Cross-validation is a resampling procedure used to evaluate machine learning models on a limited data sample. Cross-validation involves partitioning the data into subsets, training the model on some subsets, and validating it on the remaining subsets. This process is repeated multiple times, and the results are averaged to estimate the model's performance. 

The goal is to assess how the predictions of a model will generalize to an independent dataset, which is identical to the purpose of train-test split which we have been doing thus far.

The train-test split is a simple method to divide your dataset into two parts: one for training the model and the other for testing it. However it has the following disadvantages if we use it for hyperparamters tuning:

- The evaluation may depend on how the data is split.
- The test score can vary significantly based on which data points end up in the training set and which in the test set.
- Less effective use of data, especially in cases where the amount of training data is limited.

Cross-validation has the following advantages when it comes to hyperparameters tuning:

- More reliable estimate of out-of-sample performance due to multiple rounds of splitting.
- Makes better use of data as each data point gets to be in a test set exactly once and in a training set K-1 times.

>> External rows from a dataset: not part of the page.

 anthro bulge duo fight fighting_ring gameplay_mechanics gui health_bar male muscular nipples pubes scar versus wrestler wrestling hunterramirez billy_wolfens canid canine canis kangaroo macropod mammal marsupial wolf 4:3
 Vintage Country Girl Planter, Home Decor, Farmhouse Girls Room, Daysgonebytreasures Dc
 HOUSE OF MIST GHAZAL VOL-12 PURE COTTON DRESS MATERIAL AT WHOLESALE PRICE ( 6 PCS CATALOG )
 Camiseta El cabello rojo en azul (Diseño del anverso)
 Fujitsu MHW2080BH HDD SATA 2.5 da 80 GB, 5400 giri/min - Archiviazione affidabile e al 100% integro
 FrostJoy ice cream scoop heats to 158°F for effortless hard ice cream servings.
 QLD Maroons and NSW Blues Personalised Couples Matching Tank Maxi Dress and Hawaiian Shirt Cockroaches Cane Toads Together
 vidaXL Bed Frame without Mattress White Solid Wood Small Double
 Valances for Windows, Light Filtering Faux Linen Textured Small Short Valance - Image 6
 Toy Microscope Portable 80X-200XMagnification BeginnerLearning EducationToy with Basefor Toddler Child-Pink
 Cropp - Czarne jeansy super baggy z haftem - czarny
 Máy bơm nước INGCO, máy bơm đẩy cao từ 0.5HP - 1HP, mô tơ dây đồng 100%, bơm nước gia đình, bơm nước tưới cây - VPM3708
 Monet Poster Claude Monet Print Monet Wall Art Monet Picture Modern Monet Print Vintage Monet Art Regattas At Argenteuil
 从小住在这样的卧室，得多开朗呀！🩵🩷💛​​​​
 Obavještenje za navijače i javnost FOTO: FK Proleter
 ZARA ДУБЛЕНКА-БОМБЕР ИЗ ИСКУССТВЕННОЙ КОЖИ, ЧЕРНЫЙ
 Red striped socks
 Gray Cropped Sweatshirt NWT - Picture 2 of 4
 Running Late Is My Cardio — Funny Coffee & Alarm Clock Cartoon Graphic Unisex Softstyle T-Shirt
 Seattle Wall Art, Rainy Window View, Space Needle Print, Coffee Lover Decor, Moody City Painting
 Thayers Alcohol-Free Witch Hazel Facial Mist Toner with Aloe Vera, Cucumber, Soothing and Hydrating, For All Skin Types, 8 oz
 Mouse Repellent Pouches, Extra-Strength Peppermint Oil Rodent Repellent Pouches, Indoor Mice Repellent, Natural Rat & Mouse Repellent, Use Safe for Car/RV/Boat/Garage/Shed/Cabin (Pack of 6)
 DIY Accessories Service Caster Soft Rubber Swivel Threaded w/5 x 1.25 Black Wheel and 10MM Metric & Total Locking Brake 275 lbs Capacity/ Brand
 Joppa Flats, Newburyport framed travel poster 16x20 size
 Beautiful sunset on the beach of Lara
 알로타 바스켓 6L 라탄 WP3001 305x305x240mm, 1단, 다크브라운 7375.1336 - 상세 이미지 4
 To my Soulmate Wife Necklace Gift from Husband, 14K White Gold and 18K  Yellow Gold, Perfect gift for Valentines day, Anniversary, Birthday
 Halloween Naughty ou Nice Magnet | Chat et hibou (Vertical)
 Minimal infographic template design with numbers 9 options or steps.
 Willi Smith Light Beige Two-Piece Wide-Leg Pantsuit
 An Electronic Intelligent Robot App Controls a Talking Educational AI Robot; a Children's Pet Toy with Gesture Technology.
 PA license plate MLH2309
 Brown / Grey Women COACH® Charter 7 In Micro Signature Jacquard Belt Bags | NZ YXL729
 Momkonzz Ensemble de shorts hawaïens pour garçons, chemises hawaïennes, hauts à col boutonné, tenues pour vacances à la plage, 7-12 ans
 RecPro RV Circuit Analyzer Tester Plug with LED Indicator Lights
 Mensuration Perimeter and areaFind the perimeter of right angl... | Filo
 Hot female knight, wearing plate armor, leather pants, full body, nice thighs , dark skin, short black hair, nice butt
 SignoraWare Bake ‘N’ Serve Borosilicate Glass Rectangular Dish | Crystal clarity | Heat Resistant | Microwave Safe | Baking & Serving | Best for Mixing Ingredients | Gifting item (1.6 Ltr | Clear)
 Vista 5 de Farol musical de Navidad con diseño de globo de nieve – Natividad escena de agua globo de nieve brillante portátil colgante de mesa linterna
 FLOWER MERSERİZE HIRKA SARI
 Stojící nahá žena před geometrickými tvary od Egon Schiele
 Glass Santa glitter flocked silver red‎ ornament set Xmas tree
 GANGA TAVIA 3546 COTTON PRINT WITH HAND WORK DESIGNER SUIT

**Types of Cross-Validation**

![kfoldcv](../assets/kfold-cv.png)
- **K-Fold Cross-Validation**: The dataset is divided into K equal folds. Each fold acts as the validation set 1 time and acts as the training set K-1 times. The average performance metric across all K trials is used.
- **Leave-One-Out Cross-Validation**: A special case of K-Fold Cross-Validation where K is equal to the number of data points in the dataset.
- **Stratified K-Fold Cross-Validation**: Similar to K-Fold but preserves the percentage of samples for each class.

### Grid Search
![grid-random-search](../assets/grid-random-search.png)

Grid search is a brute force method to estimate the best hyperparameters. A grid of hyperparameter combinations is created, and the model is evaluated for each combination using cross-validation.

**Process**

1. Define the hyperparameter grid.
2. Use cross-validation to evaluate each combination of hyperparameters.
3. Select the combination that yields the best performance.

### Random Search

Random search is an alternative to grid search. Instead of trying out every possible combination, it samples a random subset of parameter combinations.

**Advantages**

- Can be faster than grid search when dealing with a large hyperparameter space.
- Can sometimes find a better combination of hyperparameters by exploring a wider range of values.

**Process**

1. Define a search space as a bounded domain of hyperparameter values.
2. Randomly sample combinations of hyperparameters from this domain.
3. Perform cross-validation for each combination.
4. Select the combination that yields the best validation score.